Most of the new electric models entering the market are SUVs. But is this qualification still relevant?
A few weeks ago, in one of my editorials, I mentioned the end of SUVs with the advent of the electric car. Suffice to say that, given the surge in this segment for a few weeks, I messed up a bit, and you have the right to make fun of it.
Today, my point is a little different. Indeed, we cannot deny the fact that manufacturers adding electric models to their catalog seem to have given themselves the word to invest heavily in the SUV niche, the offer becoming almost bloated in recent months. The list would be too long to list here, but it looks like “electric” has become synonymous with “SUV” in their minds.
If my point is different, it is because I have the feeling that with electrification, the border between SUV and “traditional” car is blurring in favor of a new definition of the automobile which becomes a sort of concentrate of the best that a sedan and SUV has to offer.
As we know, the weight and size of the batteries are the first challenge that manufacturers must face, a fortiori if they wish to offer models with an acceptable autonomy, even significant, of the kind that allows the family to go for trips. long trips in near thermal conditions, without too much range anxiety.
Is SUVs a good way to hide battery overweight?
We also know that weight and bulk – and therefore consumption and environmental impact – are the main criticisms leveled at SUVs. By opting for this format on the electric, the manufacturers cancel in a way these effects, because the general volume minimizes by as much the ratio of space allocated to the batteries, to the benefit of the interior space, since on the other hand the engines and transmission are less space intensive.

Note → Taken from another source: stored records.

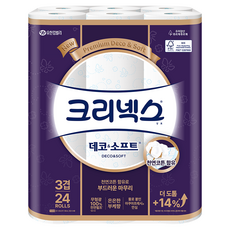 크리넥스 데코앤소프트 천연펄프 3겹 고급롤화장지, 28m, 24개입, 1개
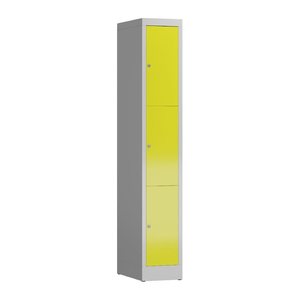 ClassiX Schließfachschrank lichtgrau, zinkgelb X-520316, 3 Schließfächer 31,0 x 50,0 x 180,0 cm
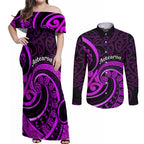 Purple Aotearoa Mangopare Couples Matching Off Shoulder Maxi Dress and Long Sleeve Button Shirt NZ Maori Koru Style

On the other hand, the criticisms that can be addressed to thermal SUVs are less relevant when it comes to electric SUVs, because all electric cars offering comfort and range – I am not talking about small urban ones – are heavy and bulky. . So, provided the efficiency and aerodynamics are there, a 2-ton electric SUV will probably not be more harmful to the environment than a 2-ton electric sedan. On the other hand, it will offer more interior space, if only at the level of headroom.
This is what makes me think that the very notion of an SUV is evolving and could no longer make much sense since this format could become a kind of standard, and all the more so when we know that sedans no longer interest many people today, apart from a few aesthetes or automotive purists, often boomers, and attached to a certain art of living.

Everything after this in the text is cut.